Segment Open

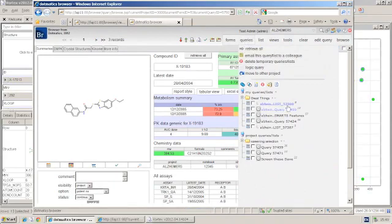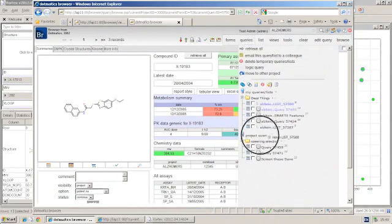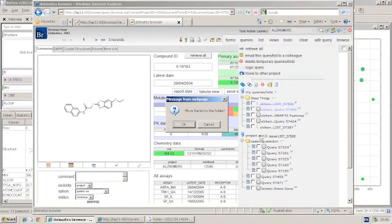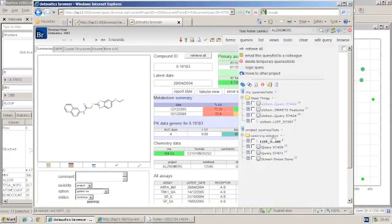I can then take my list and share it with the rest of the project team with a simple drag action, or I could take this list and email it to all my colleagues.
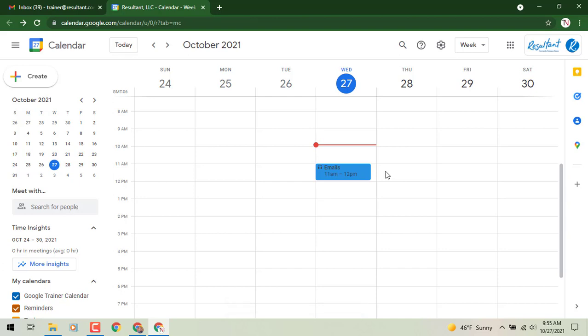So just wanted to give you the heads up for that new calendar entry type that you may see and what it is and how it works. So with that, until we meet again another day, another time, another update, this is Gary the Google guy signing off.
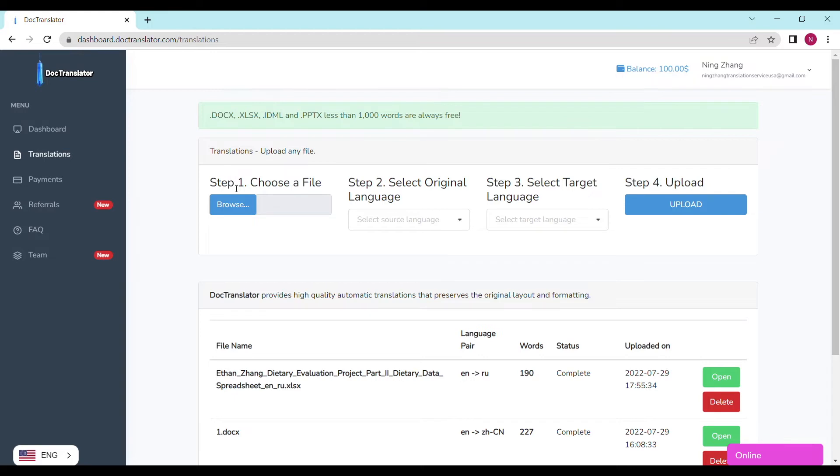Speaking of which, the next thing you should do is upload your Excel document. After that, choose the language it's in. Mine is in English, of course, and the one you want to translate it to. I'll translate it to Russian.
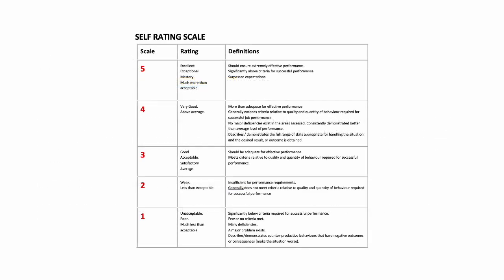This is the self-rating scale that trainee car instructors are required to use for the self-assessment assignment. The rating scale goes from five at the top, which is an excellent performance, down to four, very good performance, and three is good.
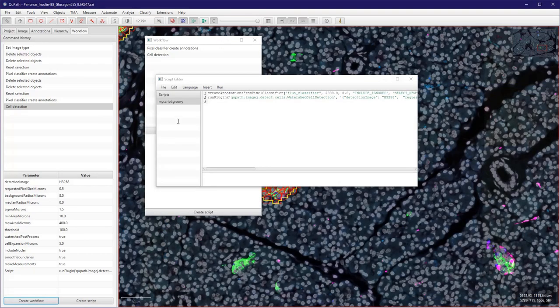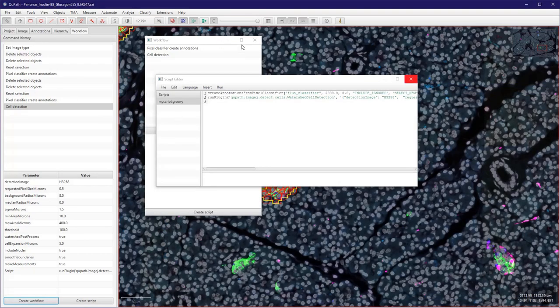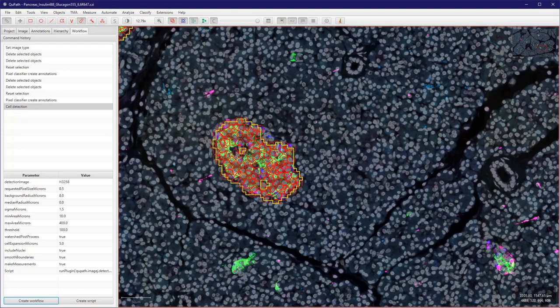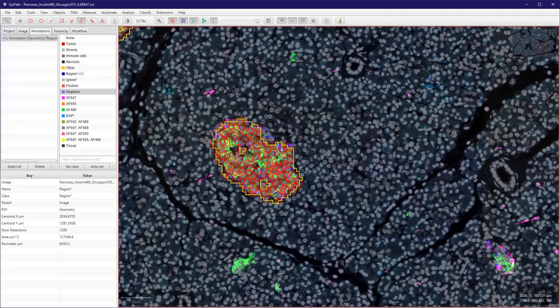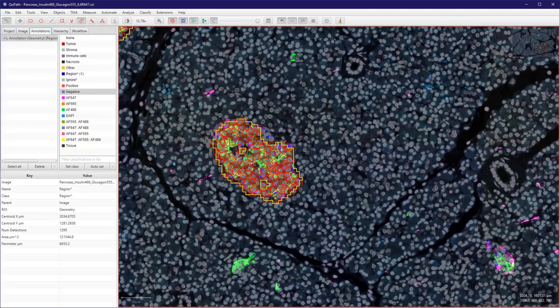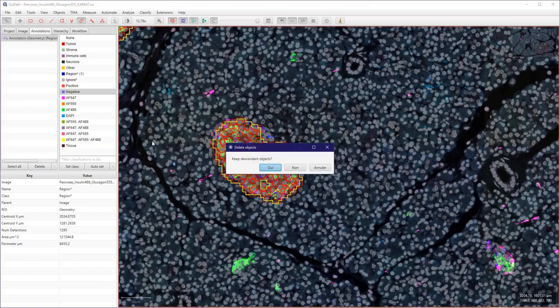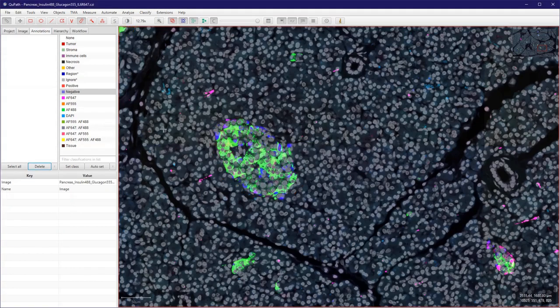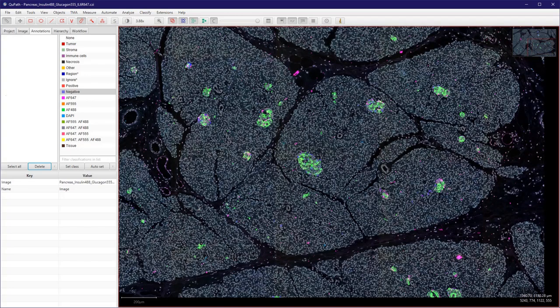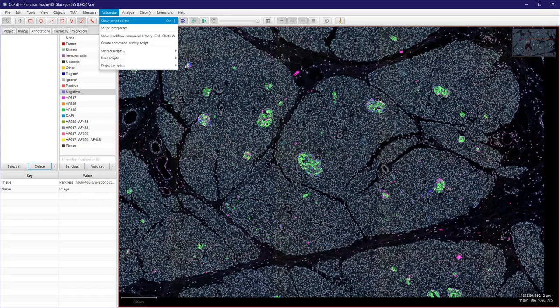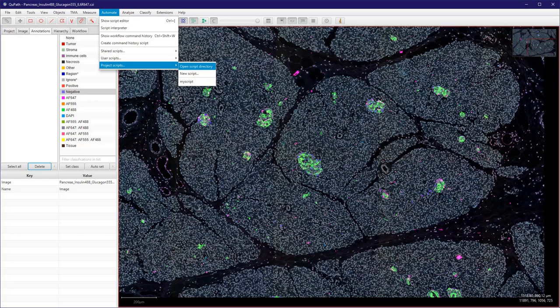OK, and let's go back here and remove this region. OK, I don't want to keep anything. And let's just call the script to see if it works. So you can go either to Automate, Show Script Editor, or normally if you save the script in the default location it should appear here.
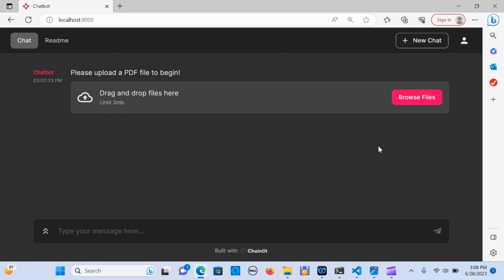Hey everyone, in today's video we are going to build a chatbot using Chainlit, LangChain, and OpenAI. This application enables you to upload a PDF document and you're able to ask questions about the PDF.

Segment Closed

• PROBLEM TO WORK ON: Return, exactly as they stand, the lines from the opening line of the listing through the line with "This is the", both ends counted, and no pictures.

• ANSWER SECTION:
I can then take my list and share it with the rest of the project team with a simple drag action, or I could take this list and email it to all my colleagues.
So just wanted to give you the heads up for that new calendar entry type that you may see and what it is and how it works. So with that, until we meet again another day, another time, another update, this is Gary the Google guy signing off.
Speaking of which, the next thing you should do is upload your Excel document. After that, choose the language it's in. Mine is in English, of course, and the one you want to translate it to. I'll translate it to Russian.
This is the self-rating scale that trainee car instructors are required to use for the self-assessment assignment. The rating scale goes from five at the top, which is an excellent performance, down to four, very good performance, and three is good.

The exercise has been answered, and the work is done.